D.F. King & Co, Inc. has been retained by Crest to assist it in the solicitation of proxies in opposition to the merger. If stockholder have any questions or need assistance in voting the GOLD proxy card, please call D.F. King & Co. at (800) 949-2583.
About Crest Financial Limited
Crest Financial Limited ("Crest") is a limited partnership under the laws of the State of Texas. Its principal business is investing in securities.
Important Legal Information
In connection with the proposed merger of Clearwire Corporation ("Clearwire") with Sprint Nextel Corporation (the "Proposed Sprint Merger"), Crest and other persons (the "Participants") have filed a supplement to its definitive proxy statement with the U.S. Securities and Exchange Commission ("SEC"). The supplement was mailed to the stockholders of Clearwire on or around May 24, 2013. SECURITYHOLDERS OF CLEARWIRE ARE URGED TO READ THE DEFINITIVE PROXY STATEMENT AND THE SUPPLEMENT, WHICH IS AVAILABLE NOW, AND THE PARTICIPANTS' OTHER PROXY MATERIALS FILED WITH THE SEC WHEN THEY BECOME AVAILABLE, BECAUSE THEY CONTAIN IMPORTANT INFORMATION, INCLUDING ADDITIONAL INFORMATION RELATED TO THE PARTICIPANTS, CLEARWIRE AND THE PROPOSED SPRINT MERGER. The definitive proxy statement, the supplement and all other proxy materials filed with the SEC are available at no charge on the SEC's website at http://www.sec.gov. In addition, the definitive proxy statement and the supplement are also available at no charge on the website of the Participants' proxy solicitor at http://www.dfking.com/clwr.

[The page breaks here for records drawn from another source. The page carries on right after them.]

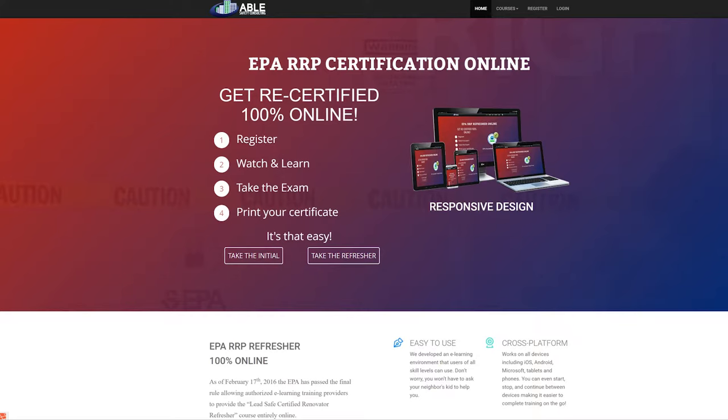Welcome to the EPA Initial Lecture Course Online. Before we start the registration process, it is important to understand that this online lecture portion of the class will not validate you as a certified LEED Renovator until you have completed the two-hour hands-on portion.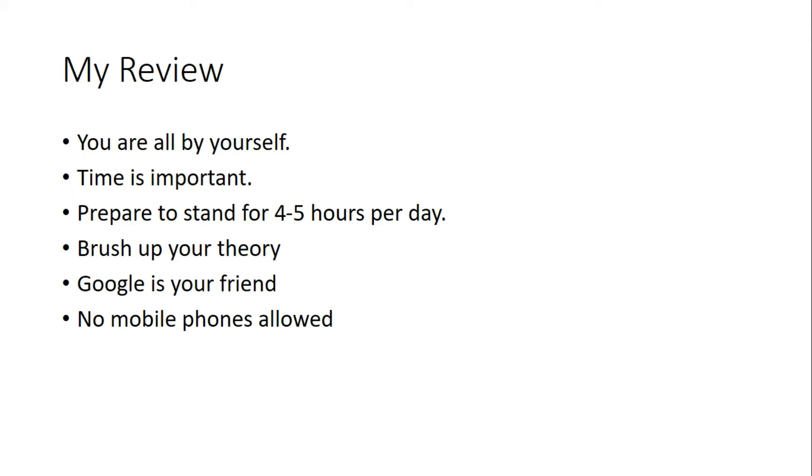My review: Internship at KSRTC, like any other internship, it's all up to you. You have to ask questions to know about things. Nobody will be there to explain the various things about the functioning of various components.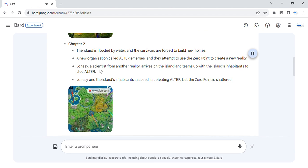Jonesy, a scientist from another reality, arrives on the island and teams up with the island's inhabitants to stop Alta. Jonesy and the island's inhabitants succeed in defeating Alta, but the zero point is shattered.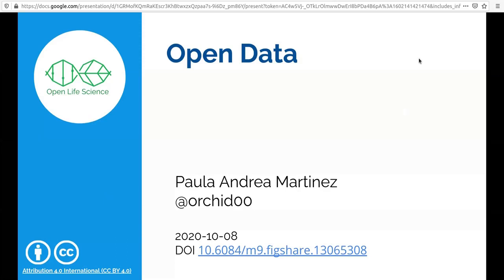My name is Paola Andrea Martinez. You can find me on Twitter via my handle Orchid00. This presentation is open to you via Creative Commons CC BY 4 International and I've uploaded it to FigShare. So I think I tick all the boxes that Alex just mentioned.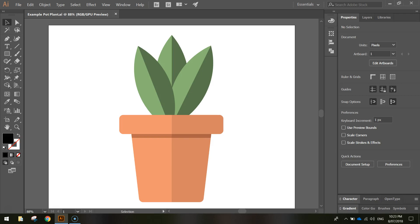In this video we're going to be using Adobe Illustrator to create this simple pot plant. It's basically made up of circles and rectangles so it's quite a simple one to make.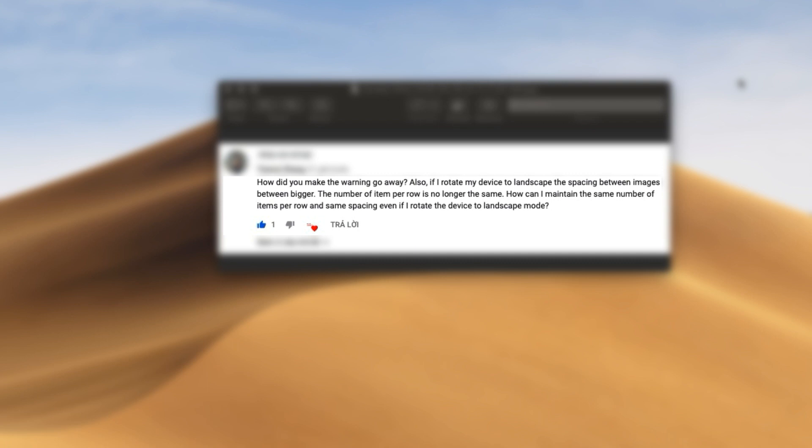Good morning everyone. Yesterday I received a question.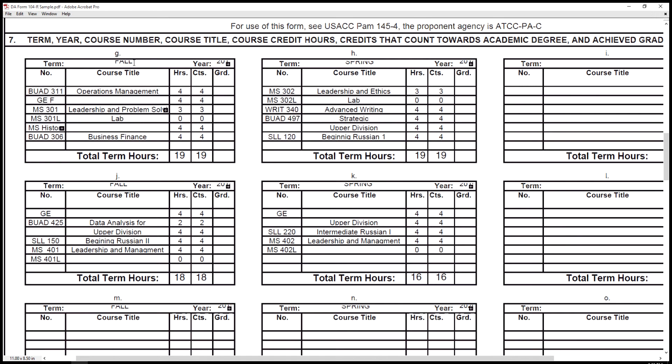To find your military science classes, you can go to the USC Price School of Public Policy, down to the courses of instruction for public policy, then military courses of instruction, and then military science. This is broken down for all the military science classes that you'll need to put in your 104R based on the year that you're attending.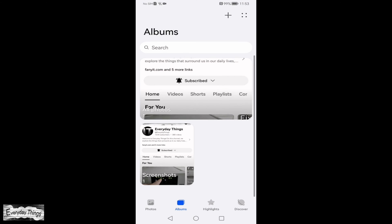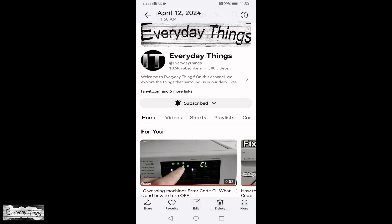First, find and open the gallery app on your smartphone. Once you're in the gallery, locate the photo you want to convert to PDF and open it.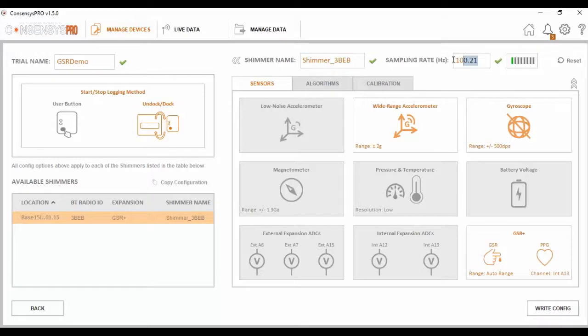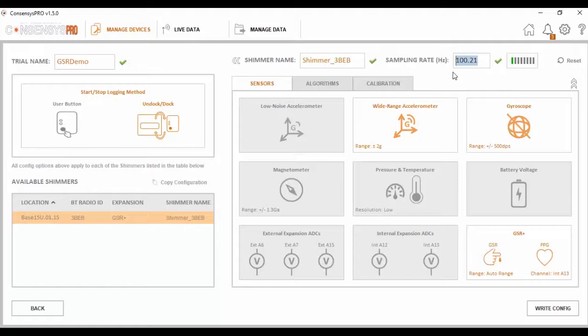The sampling rate can also be set at this point. The sampling rate can be set from a minimum of 1 Hz to a maximum of 2048 Hz. For the purpose of this video, let's set the sampling rate at 20 Hz. This is done by inputting to the box and pressing enter.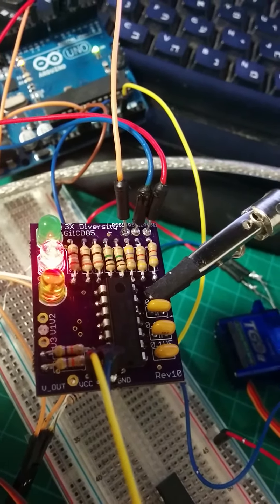So initial testing looks good. I'll try it with the actual RSSI inputs later on, but for now this is encouraging. Stay tuned.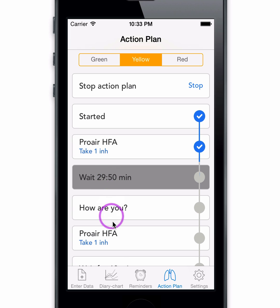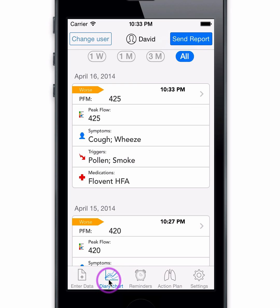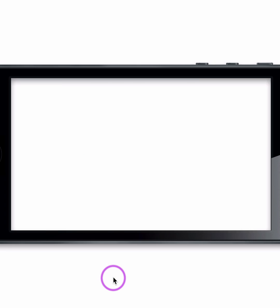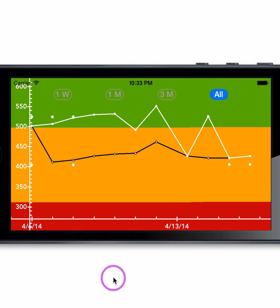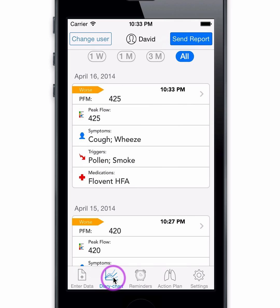You can see your diary by tapping on the diary button. This page is also dual mode. Flip to horizontal position to see the graph of your peak flow measurement values, then flip back to navigate out.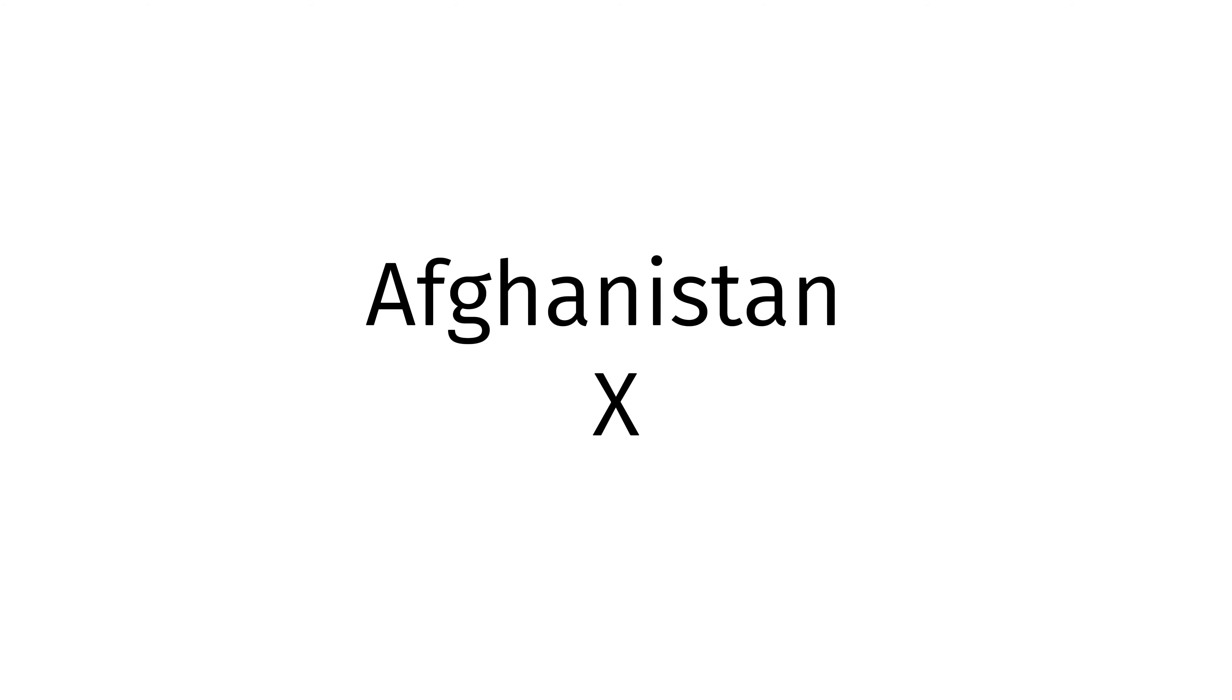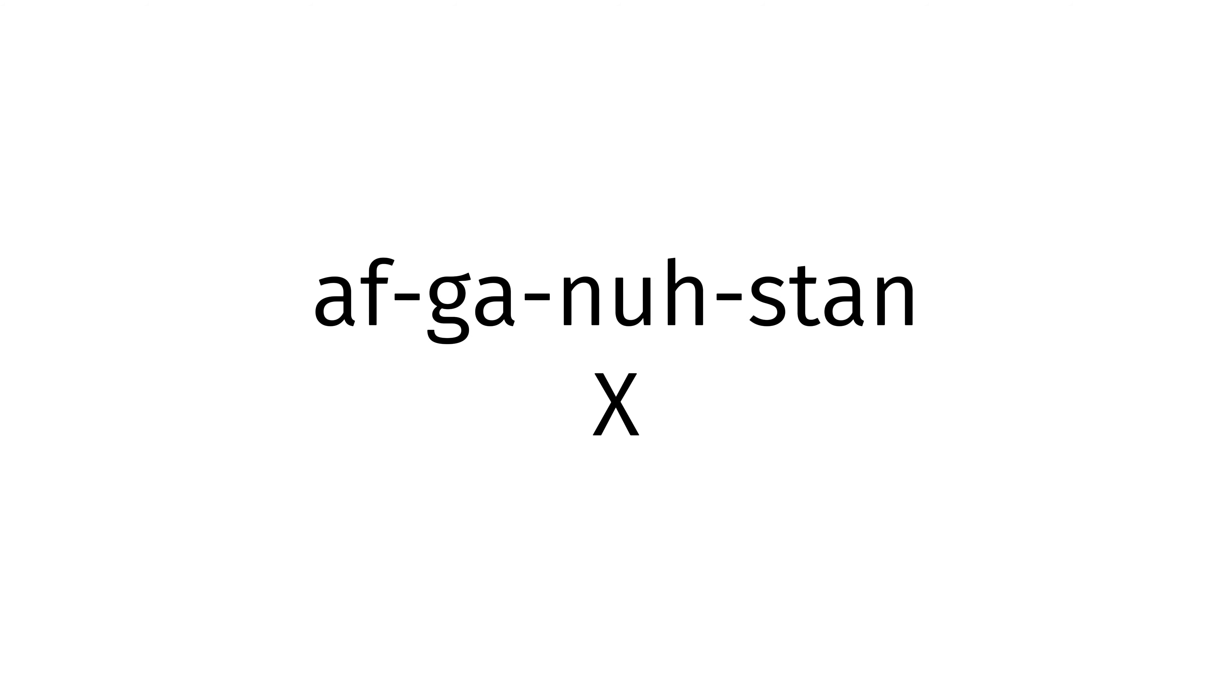Today's country of the day is Afghanistan X, Afghanistan X, you now know how to pronounce Afghanistan X.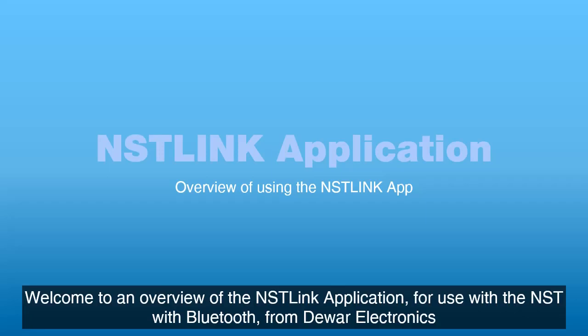Welcome to an overview of the NST-Link application, for use with the NST with Bluetooth, from Dewar Electronics.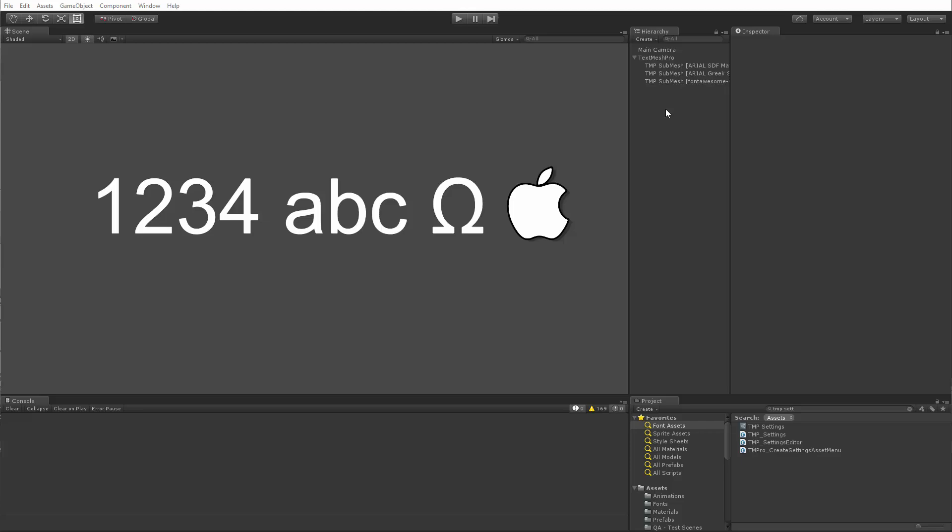Up until now, you were sort of limited to trying to include as many characters as you could in your font assets, and for most languages or Latin-based languages which have a limited number of characters, that was fine because you can certainly fit most Latin-based languages in a single font asset. But when you got to languages like Chinese, Japanese, or Korean where their character sets are much larger, then you ran into the issue of the texture size limitation on mobile devices where now you couldn't include all the characters that you would want.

Certain statements contained herein are forward-looking statements including, but not limited to, statements that are predications of or indicate future events, trends, plans or objectives. Undue reliance should not be placed on such statements because, by their nature, they are subject to known and unknown risks and uncertainties. Forward-looking statements are not guarantees of future activities and are subject to many risks and uncertainties. Due to such risks and uncertainties, actual events may differ materially from those reflected or contemplated in such forward-looking statements. Forward-looking statements can be identified by the use of the future tense or other forward-looking words such as "believe," "expect," "anticipate," "intend," "plan," "should," "may," "will," believes," "continue," "strategy," "position" or the negative of those terms or other variations of them or by comparable terminology.